I am disgusted with myself. The hospital was having a blood drive today, and I thought it would be only proper, since surgeons and trauma teams use so much blood, to go donate some. After answering all the questions and everything, it turns out my blood pressure was four points too low. How useless is that? I refuse to give up, however. Another place near here is doing it tomorrow, so I think I’ll try one more time.

AMSA (AMA student body, even more socialist and liberal than the AMA) was having an “Advocacy Week” at school. Earlier they had a discussion of homosexuality, but it was an hour away from here, so I didn’t go. Today the topic was “Muslims in healthcare,” or what you should know about Muslim patients in order to “serve them effectively.” Well, I do want to do that – and I also want to speak up if they try to foist too many requirements on us. So I went.

Fortunately I knew one of the Christian first-year girls, so I sat by her, and whispered inflammatory comments to her, and she agreed, and I didn’t have to say them out loud. Most of the speech, by a Muslim woman wearing hijab, was actually fairly in order. Like: Muslims need to pray five times a day, so if you go into a hospital room and find your patient staring at the wall and ignoring you, they’re probably praying, try coming back a few minutes later. And, they need to fast during Ramadan, so you may have problems with pregnant women and diabetics then (although she insisted that such persons are exempt, but may not want to break the fast anyhow).

I started to get annoyed when she got on to modesty issues with women. Okay, so Muslim women are not the only ones who have issues with hospital gowns, and you should try to keep sheets and blankets over everybody. And Muslim women are not the only ones who dislike male doctors and nurses; so what gives them the prerogative to insist on only females, especially only female nurses? (And if a Muslim woman wants to stand on ceremony as a patient, then she should be wearing hijab; if she’s not dressing differently, then she doesn’t merit any more concern than the average American woman does.)  And then she came to cultural issues: many Middle Easterners believe that cold air will make them sick; so try to keep the hospital room, OR room, etc, warm.

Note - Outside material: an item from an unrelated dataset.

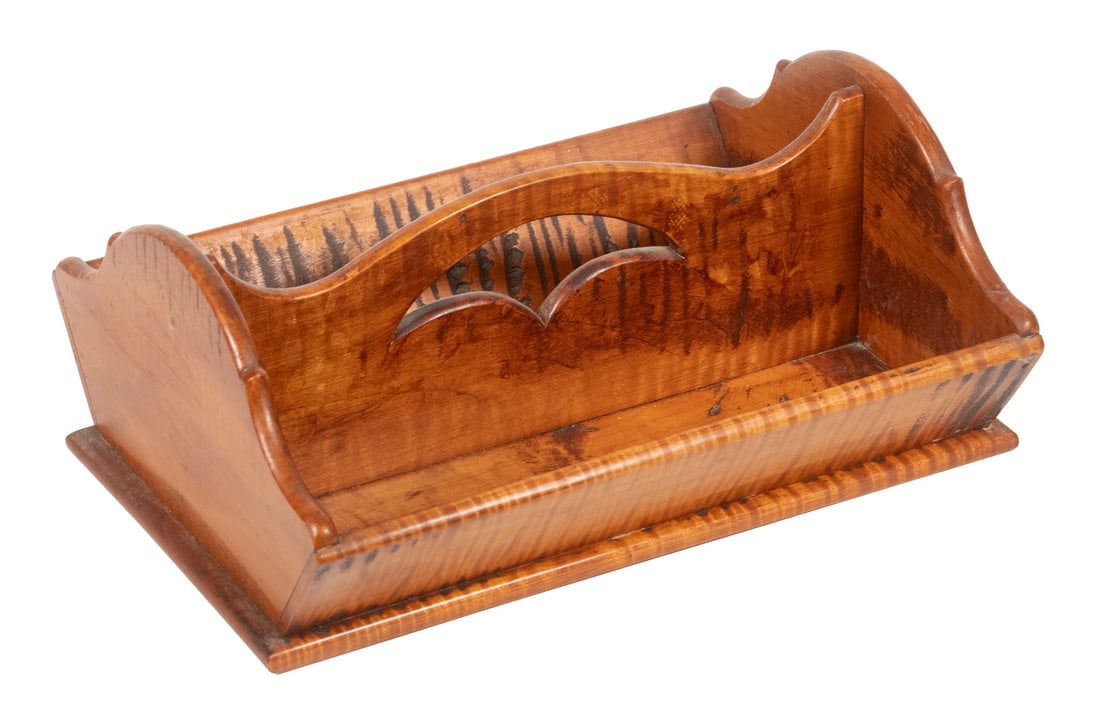 TIGER MAPLE FLATWARE BOX (1 of 1)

I dislike cold OR rooms too! They aren’t made that way because American patients like being wheeled into a cold OR! Tsk.

I limited myself to commenting in an enthusiastic tone of voice that it was wonderful that she had shared about how the Muslim religion impacts healthcare, because so many secularists in America have the impression that religion is a private matter; whereas really Christianity also, although not having as many rules, also affects the way that patients think about illness and death; and that JCAHO requires us to take spiritual histories, so (contrary to her position) it’s legitimate to ask patients whether they have a spiritual background, or any religious preferences.

This evening is my first shift at the ER; my sister is working as an EMT in the same county. She’s promising to gin up some business. I’m excited to finally arrive in the most legendary department of the hospital. I’m hoping that the students’ rumors about this place are true, and I get some responsibility and procedures here.